Localizing Audio-Visual Deepfakes via Hierarchical Boundary Modeling
Xuanjun Chen 1, Shih-Peng Cheng 1, Jiawei Du 1, Lin Zhang 2, Xiaoxiao Miao 3, Chung-Che Wang 1, Haibin Wu , Hung-yi Lee 1, Jyh-Shing Roger Jang 1
Published on arXiv
2508.02000
Output Integrity Attack
OWASP ML Top 10 — ML09
Key Finding
HBMNet outperforms BA-TFD, BA-TFD+, and UMMAFormer on AV-Deepfake-1M for content-driven partial audio-visual deepfake localization and shows improved scalability with more training data.
HBMNet (Hierarchical Boundary Modeling Network)

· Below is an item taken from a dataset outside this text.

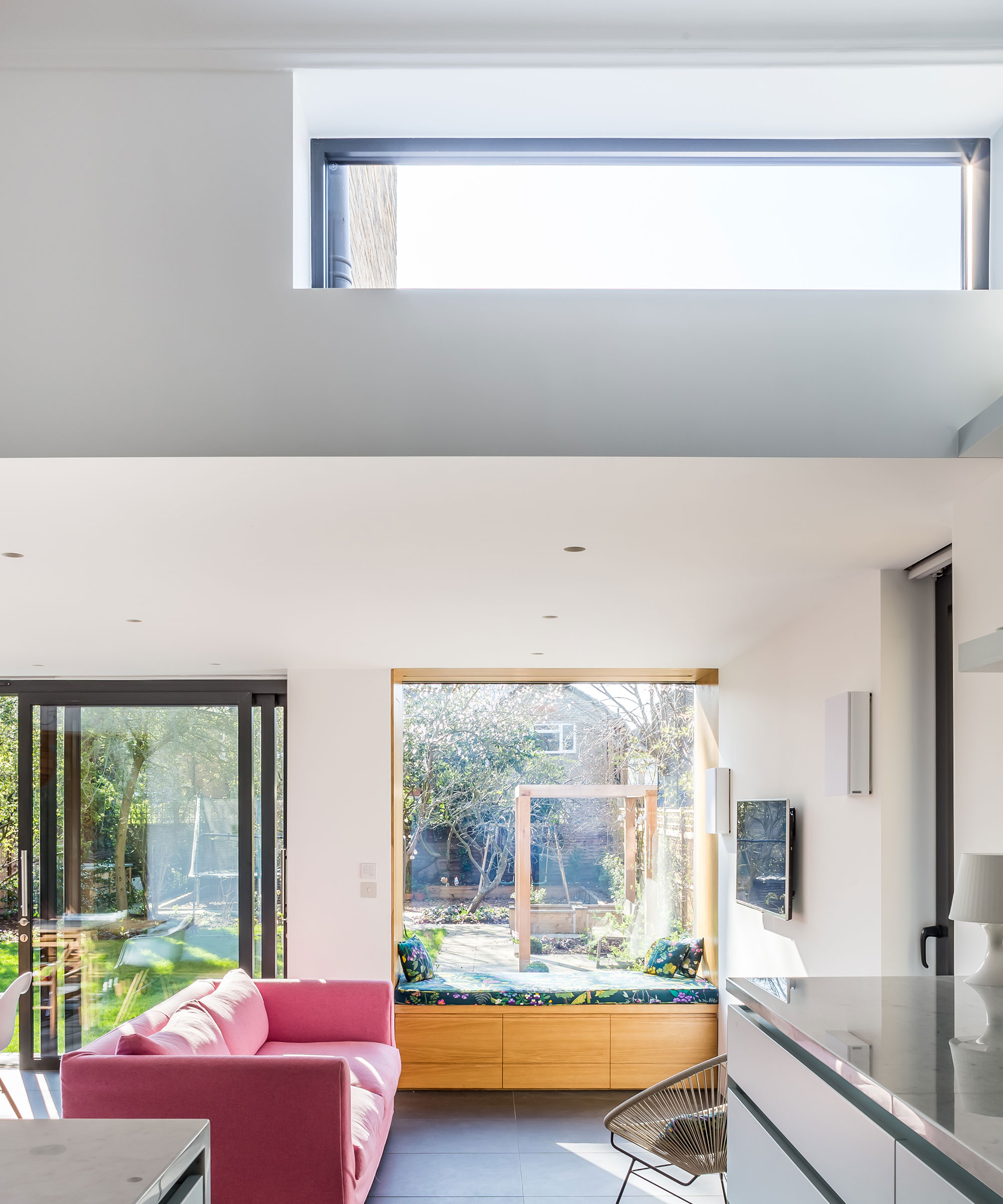modern living room with lots of glazing and a clerestory window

Novel technique introduced
Audio-visual temporal deepfake localization under the content-driven partial manipulation remains a highly challenging task. In this scenario, the deepfake regions are usually only spanning a few frames, with the majority of the rest remaining identical to the original. To tackle this, we propose a Hierarchical Boundary Modeling Network (HBMNet), which includes three modules: an Audio-Visual Feature Encoder that extracts discriminative frame-level representations, a Coarse Proposal Generator that predicts candidate boundary regions, and a Fine-grained Probabilities Generator that refines these proposals using bidirectional boundary-content probabilities. From the modality perspective, we enhance audio-visual learning through dedicated encoding and fusion, reinforced by frame-level supervision to boost discriminability. From the temporal perspective, HBMNet integrates multi-scale cues and bidirectional boundary-content relationships. Experiments show that encoding and fusion primarily improve precision, while frame-level supervision boosts recall. Each module (audio-visual fusion, temporal scales, bi-directionality) contributes complementary benefits, collectively enhancing localization performance. HBMNet outperforms BA-TFD and UMMAFormer and shows improved potential scalability with more training data.
Key Contributions
- HBMNet: a unified framework combining audio-visual feature encoding/fusion with hierarchical (coarse proposal + fine-grained frame-level) boundary modeling for temporal deepfake localization
- Bidirectional boundary-content probability modeling that captures both real-to-fake and fake-to-real transitions simultaneously
- Empirical finding that audio-visual fusion primarily improves precision while frame-level supervision boosts recall, with each module delivering complementary benefits
🛡️ Threat Analysis
Proposes a novel deepfake detection architecture for localizing AI-generated audio-visual manipulations — output integrity and AI-generated content detection. The contribution is a new forensic detection method (HBMNet), not a mere application of existing detectors.